- _Data section_
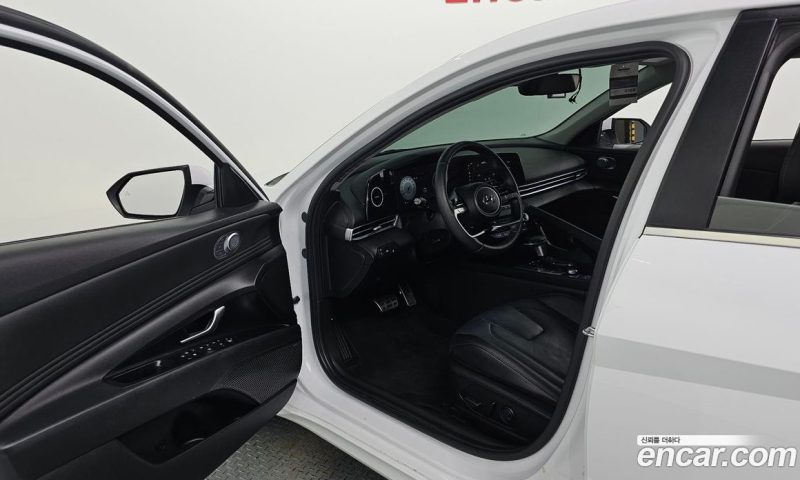 Hyundai Avante 1.6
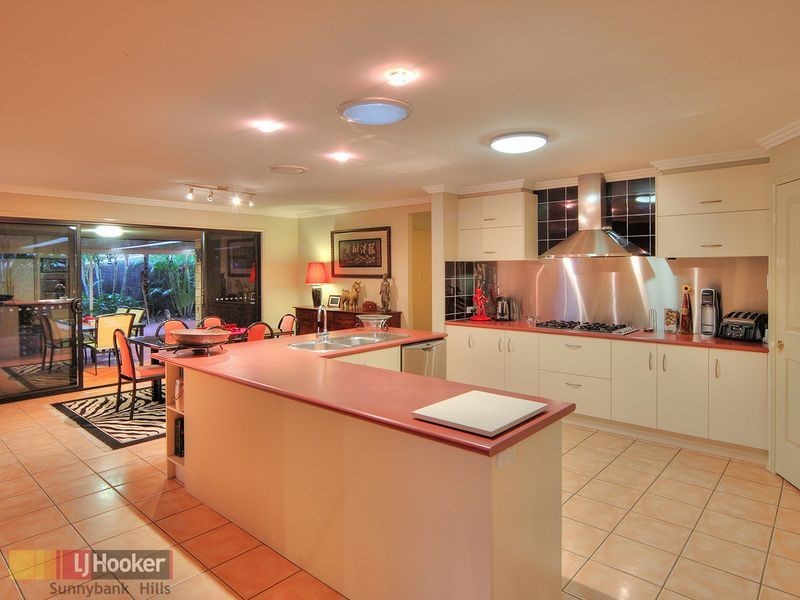 20 Finke Close, Parkinson QLD 4115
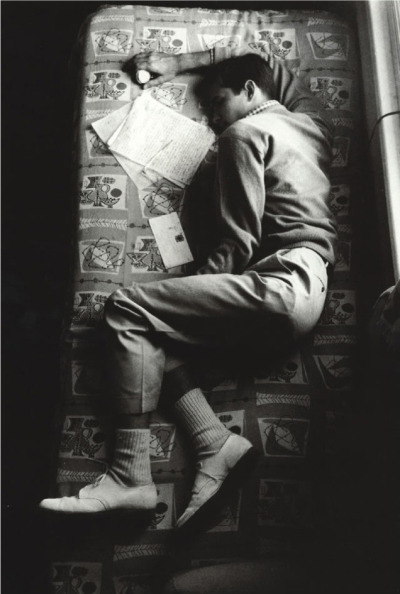 eeelizabeth:snakecharmer:   Anthony Perkins sleeping between takes on the set of Psycho, 1960. (via unpunk)
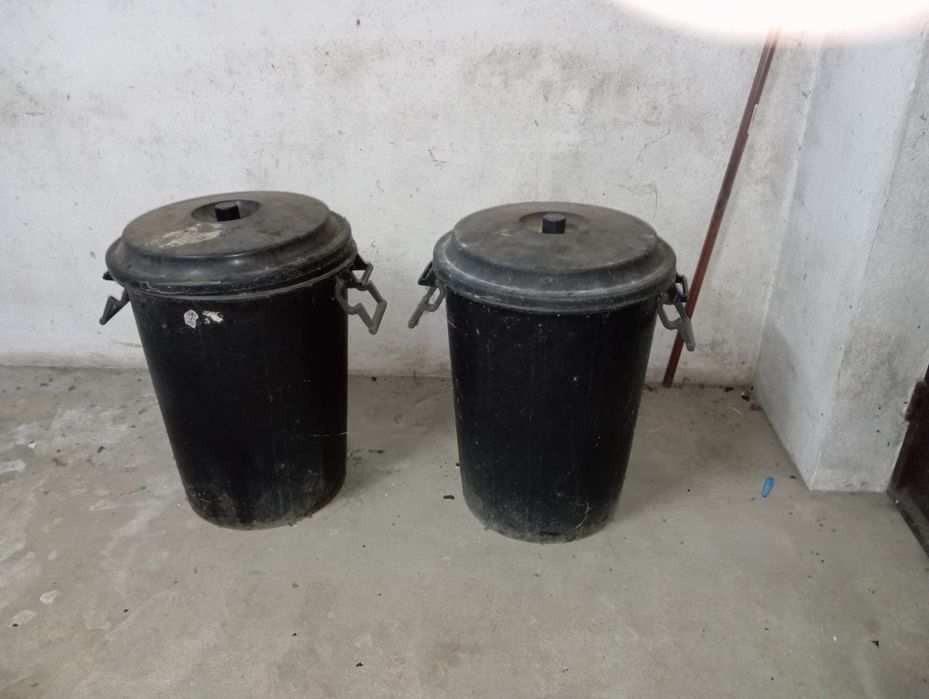 Baldes grandes com tampa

- _Exercise requirements_
Each line of the listing must be restated word for word, and the pictures left out.

- _Exercise solution_
 Hyundai Avante 1.6
 20 Finke Close, Parkinson QLD 4115
 eeelizabeth:snakecharmer:   Anthony Perkins sleeping between takes on the set of Psycho, 1960. (via unpunk)
 Baldes grandes com tampa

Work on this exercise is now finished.